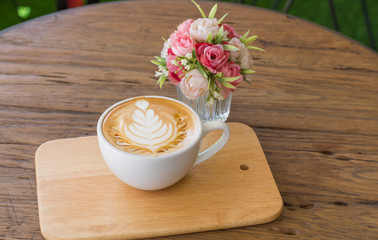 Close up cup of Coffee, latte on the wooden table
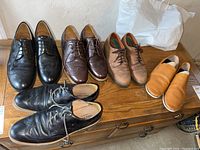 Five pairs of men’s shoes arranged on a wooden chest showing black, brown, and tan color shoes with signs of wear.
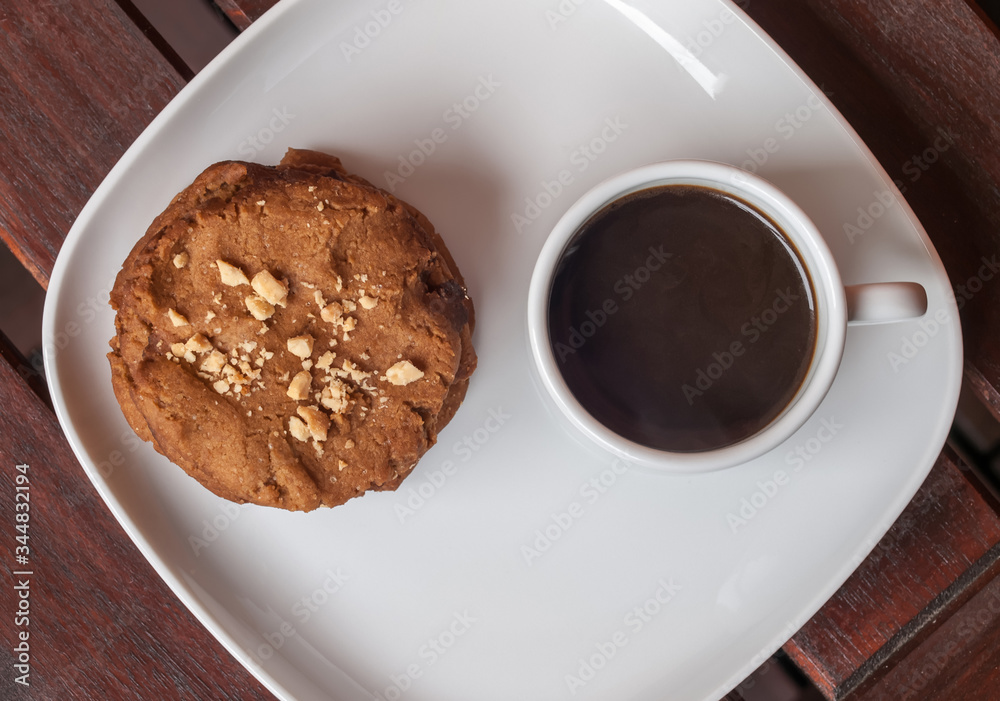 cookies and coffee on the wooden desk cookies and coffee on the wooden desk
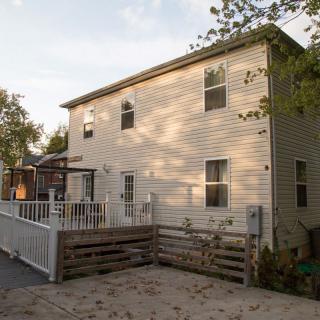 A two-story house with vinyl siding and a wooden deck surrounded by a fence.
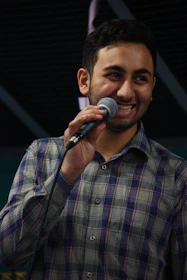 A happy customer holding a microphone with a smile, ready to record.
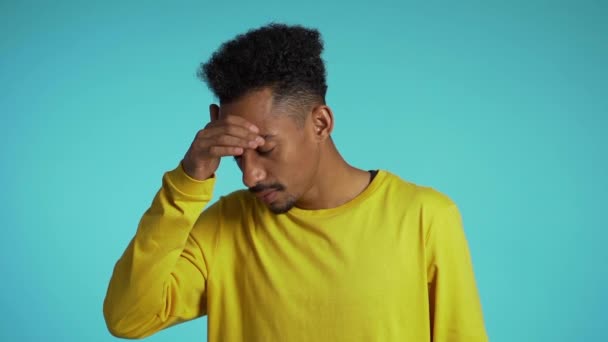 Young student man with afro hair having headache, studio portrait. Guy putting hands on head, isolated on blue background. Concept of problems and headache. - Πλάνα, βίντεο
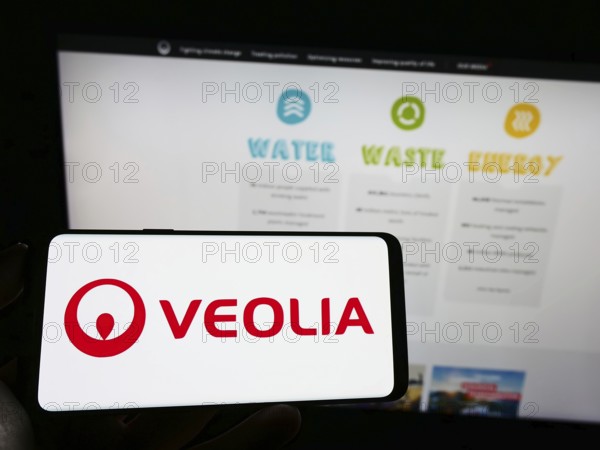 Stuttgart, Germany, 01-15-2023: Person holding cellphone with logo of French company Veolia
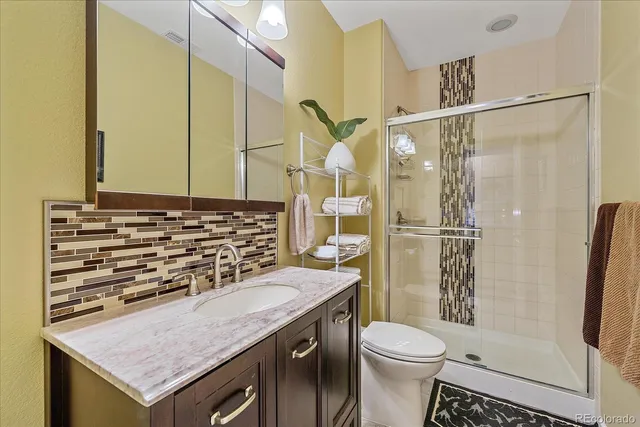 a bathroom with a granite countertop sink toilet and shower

# WHAT IS REQUIRED
All the material above must be copied exactly, and no picture belongs in the copy.

# RESPONSE BELOW
 Close up cup of Coffee, latte on the wooden table
 Five pairs of men’s shoes arranged on a wooden chest showing black, brown, and tan color shoes with signs of wear.
 cookies and coffee on the wooden desk cookies and coffee on the wooden desk
 A two-story house with vinyl siding and a wooden deck surrounded by a fence.
 A happy customer holding a microphone with a smile, ready to record.
 Young student man with afro hair having headache, studio portrait. Guy putting hands on head, isolated on blue background. Concept of problems and headache. - Πλάνα, βίντεο
 Stuttgart, Germany, 01-15-2023: Person holding cellphone with logo of French company Veolia
 a bathroom with a granite countertop sink toilet and shower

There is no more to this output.